• Your task
From the line that includes "this 450×300 image." to the last line of the records that follow, copy every line exactly and nothing more, omitting pictures.

Image-backed grounding data
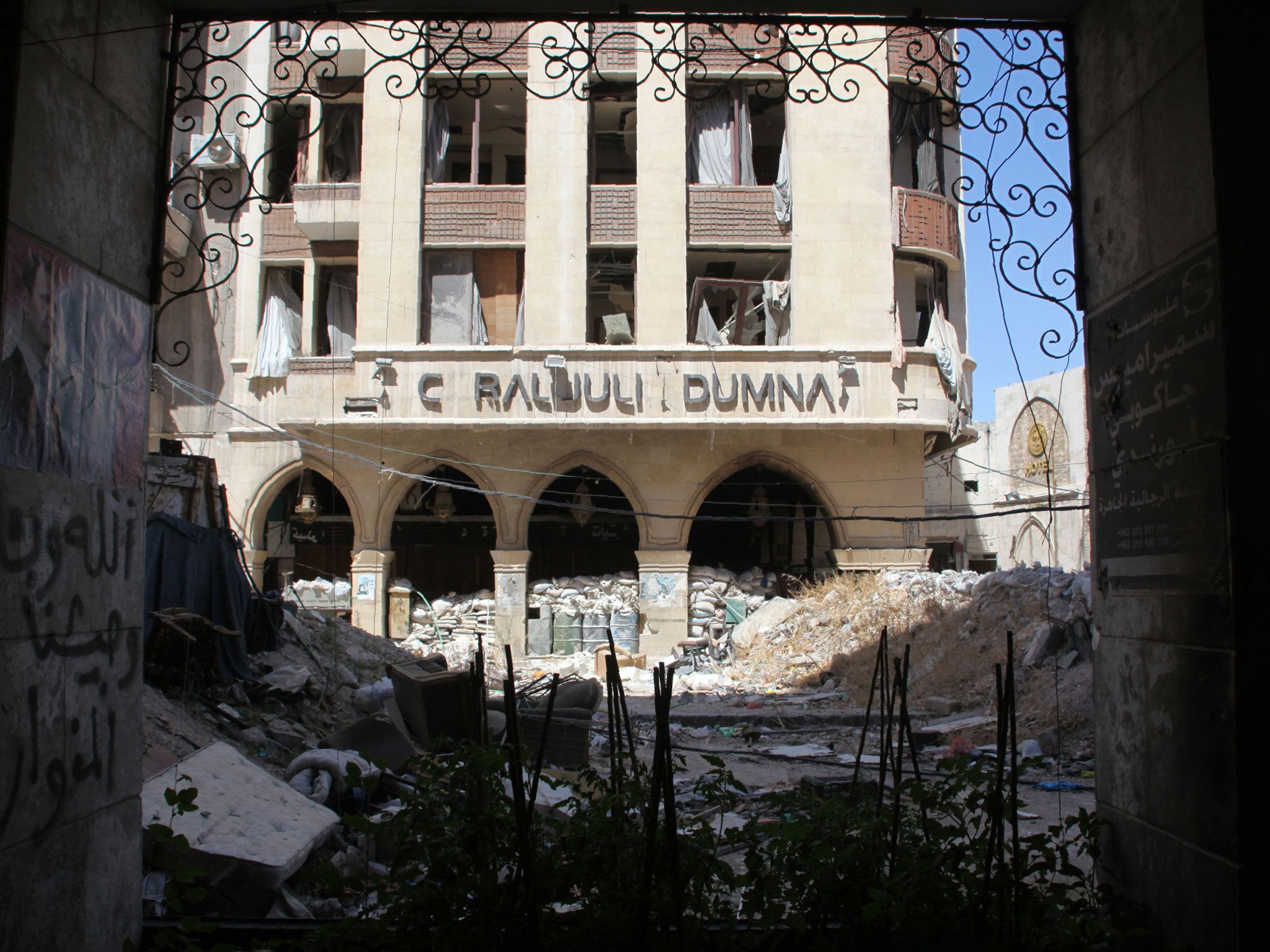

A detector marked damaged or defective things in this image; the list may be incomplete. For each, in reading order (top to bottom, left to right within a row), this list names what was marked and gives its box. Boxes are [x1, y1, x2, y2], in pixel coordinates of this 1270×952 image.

broken window [264, 103, 308, 201]
broken window [322, 103, 363, 183]
broken window [427, 83, 525, 188]
broken window [589, 85, 640, 185]
broken window [691, 83, 787, 188]
broken window [889, 90, 949, 194]
broken window [313, 265, 355, 358]
damaged multi-story building [156, 24, 970, 665]
broken window [584, 250, 635, 348]
broken window [691, 250, 787, 348]
broken window [894, 257, 955, 348]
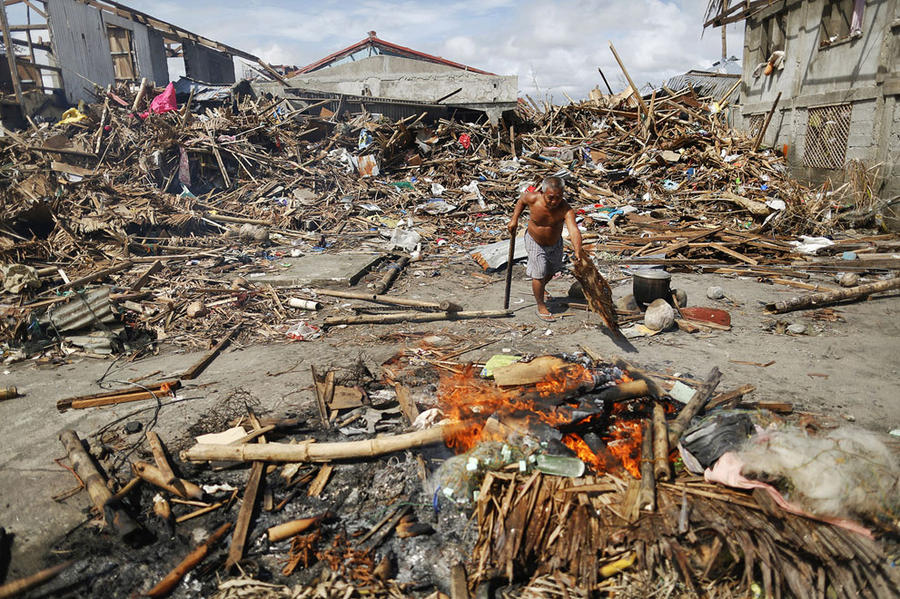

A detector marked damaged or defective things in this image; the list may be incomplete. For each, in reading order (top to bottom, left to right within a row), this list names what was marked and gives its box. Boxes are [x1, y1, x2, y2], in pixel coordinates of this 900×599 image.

broken window [107, 25, 137, 81]
damaged house [0, 0, 272, 120]
damaged house [255, 31, 520, 125]
rusted metal roofing [294, 32, 492, 76]
damaged house [708, 0, 896, 198]
broken window [820, 0, 860, 47]
broken window [800, 104, 852, 170]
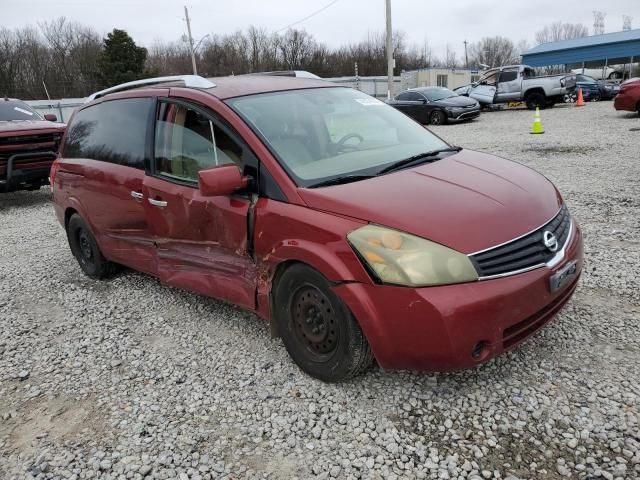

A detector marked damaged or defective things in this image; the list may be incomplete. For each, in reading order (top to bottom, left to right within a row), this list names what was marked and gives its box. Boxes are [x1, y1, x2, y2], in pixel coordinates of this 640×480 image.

dented side panel [143, 174, 258, 310]
dented side panel [250, 197, 370, 320]
damaged red minivan [51, 76, 580, 382]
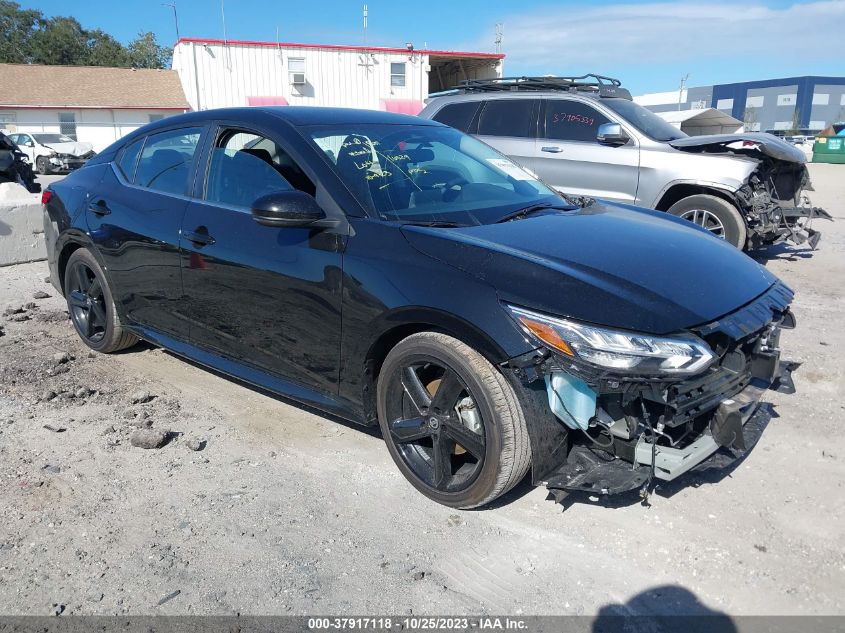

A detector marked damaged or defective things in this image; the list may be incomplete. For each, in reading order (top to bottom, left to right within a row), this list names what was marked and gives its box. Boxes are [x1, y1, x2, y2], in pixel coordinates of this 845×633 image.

damaged white car [7, 132, 95, 174]
damaged white car [418, 74, 828, 249]
crumpled front end [508, 282, 796, 504]
damaged front bumper [532, 284, 796, 502]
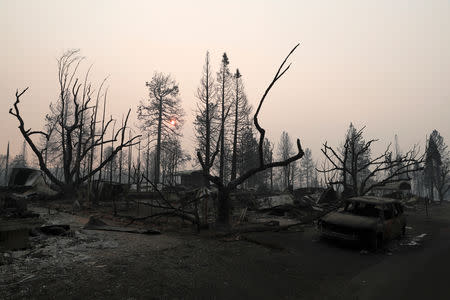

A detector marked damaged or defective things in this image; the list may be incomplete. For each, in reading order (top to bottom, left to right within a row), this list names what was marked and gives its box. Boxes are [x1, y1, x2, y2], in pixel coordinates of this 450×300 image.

burned car [318, 196, 406, 250]
burned-out vehicle body [316, 196, 408, 250]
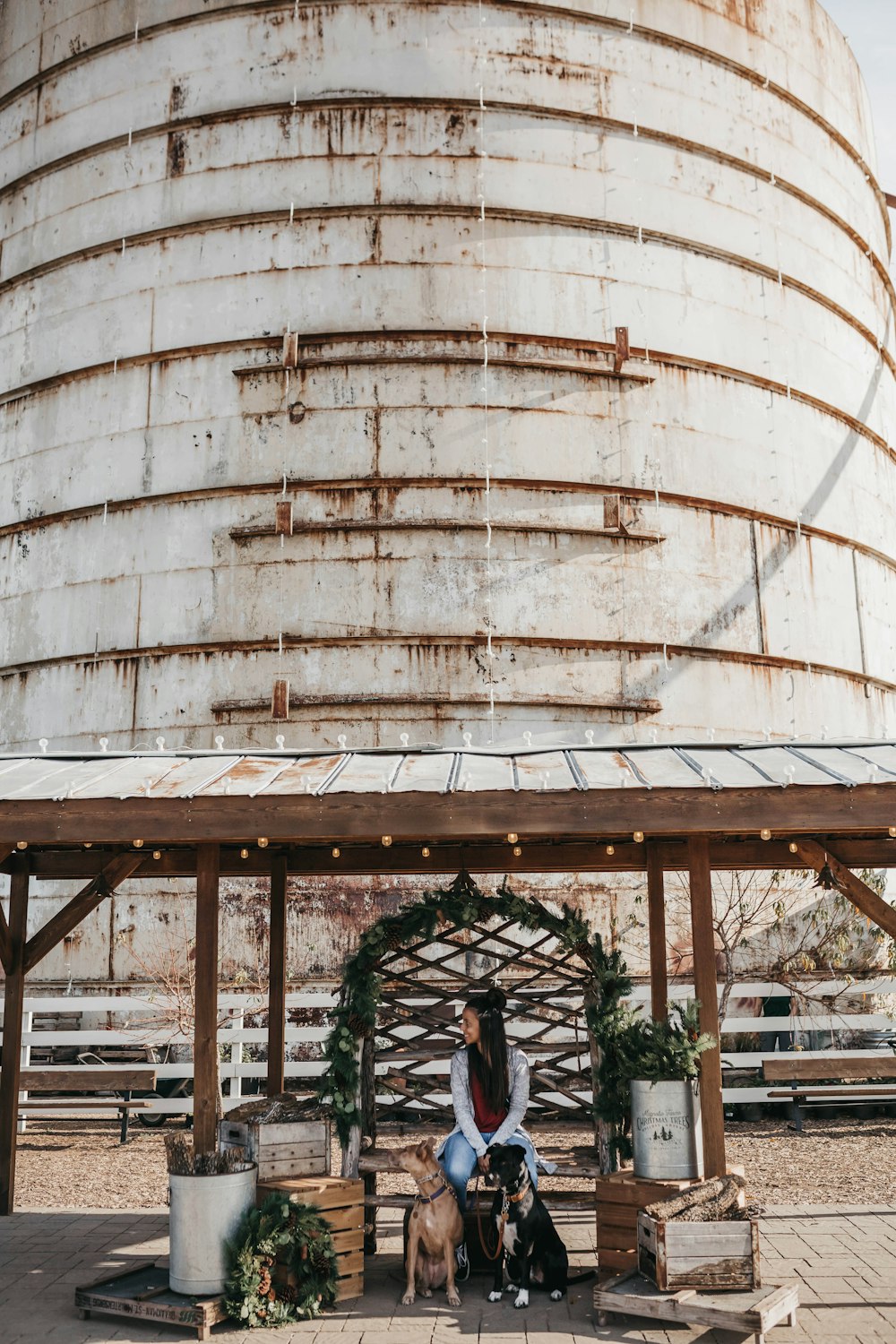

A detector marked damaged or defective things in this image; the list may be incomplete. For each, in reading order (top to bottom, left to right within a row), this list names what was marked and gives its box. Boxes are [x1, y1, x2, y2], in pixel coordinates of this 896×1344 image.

rusty metal silo [0, 0, 892, 753]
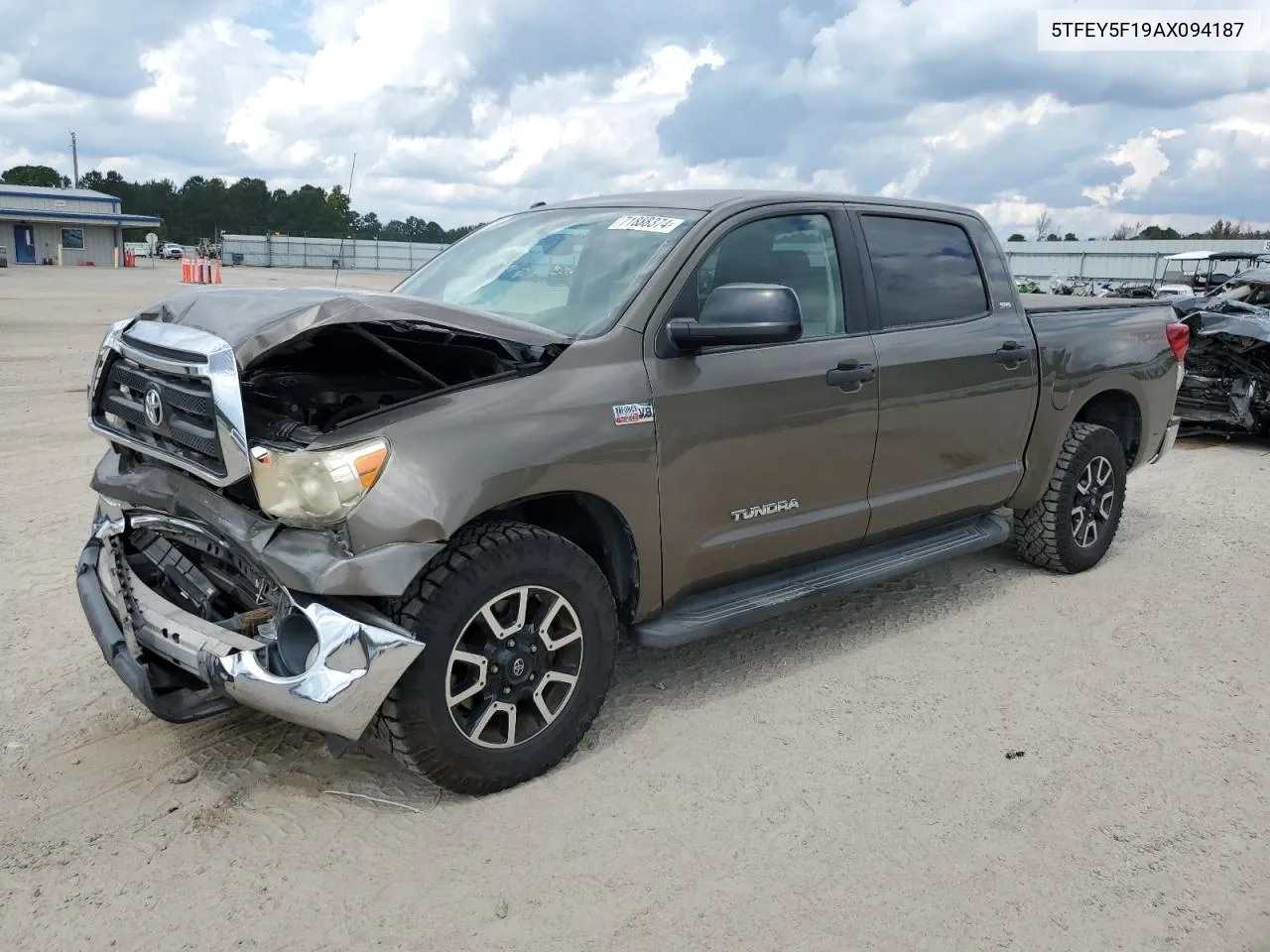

• Answer area
A detector marked damaged or defective things in this image; the list may be incomplete. For each, in reading order (top to bottom, left to right within a row), this list names what was marked and gives its box. Boxes are [x1, y1, x2, y2], in pixel coordinates of this 450×300 image.

burned car [318, 196, 406, 250]
burned-out vehicle body [316, 196, 408, 250]

A detector marked damaged or defective things in this image; the list may be incomplete. For each, in reading order (top to bottom, left to right within a row), this list names what was marked and gives its box. Boxes are [x1, y1, x2, y2], in pixel coordinates of this 896×1344 image.

rusty metal silo [0, 0, 892, 753]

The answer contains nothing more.